And while I'm on the subject, before you decide that it's cool to criticize me for my choice of publisher/agent/tax accountant/level of writing income, perhaps it would be somewhat intelligent of you to first have some idea what you are talking about. (i.e., like maybe being able to claim you are a full-time writer earning at least $75,000 a year from writing, like I do). Just saying.

I am a professional freelancer who owns/runs a small business. I contribute to the American economy. I'm lucky to do so, and most (i.e., 95%) of the people who try to do what I do professionally will fail. But that's really not my problem. I'm a businesswoman, and I'm not running a bleeping charity. So don't ask me to work for free. And while you're at it, why don't you get off Fantasy Island and join the rest of us in the real world?

That is all.


Tuesday, May 3, 2011


Okay, so I've been away for a while. Sue me. The month of March was insane work-wise (I wrote 20-plus freelance articles for four different publications, including the Washington Post), then the first two weeks of April were equally insane as I tried to pack a full month's worth of writing work into half the time, since I was travelling overseas for the second half of April. On top of all of that, I finished writing a novel and sent it to my agent, as well as cared for a sick child and hubby, packed for a trip to SE Asia, did housework, yadayadayada.

The writer's life is never easy, but when you're doing it for a living (which is basically running a small business) and also running a household/parenting, little things like blog posts tend to fall by the wayside. Those of you who follow me on Facebook know I do some microblogging there, but it can't replace a longer, well-thought-out post. Which is not really what this is, but I digress.

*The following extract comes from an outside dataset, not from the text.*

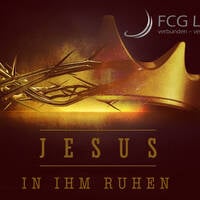 Jesus 6-An ihn glauben [#0568] @Kraftwerk_MaxFichtner by Frank Vornheder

Whenever you get back from an extended trip overseas, there's always lots of housekeeping to do when you get back. Like mowing the lawn, going through all the mail that's piled up, returning phone calls, etc. Except when you're self-employed like I am, it goes double. Plus there's that pesky little thing called jet lag, which is brutal when you're coming back from Asia. So I'm just now getting back on my feet, having caught up on my accumulated list of chores---such as updating my website, returning emails to my editors, alerting interviewees that the articles I wrote about them are live, cleaning up my dark pit of a house, unpacking 16 suitcases (okay, I'm exaggerating a bit, it was only 5 suitcases, it just seems like 16), catching up on bills, trying to figure out where some of my royalty payments went, etc.

It's very nice earning a full-time living as a journalist now, but it is sending the fiction writing (which I still get paid for, just not as much) to the back burner a bit.

Just before I left, I got my authors' copies of my latest novel release in the mail. It's slowly trickling into bookstores, and one of these days when I get a free minute I need to book some signings at my local Barnes & Noble locations. Two of them have already agreed to let me do signings at their respective stores, I just haven't found the time to call the store managers back to get on their event calendar. I'll do it eventually. I just need to remember where the phone is. (I think it's under a giant pile of laundry.)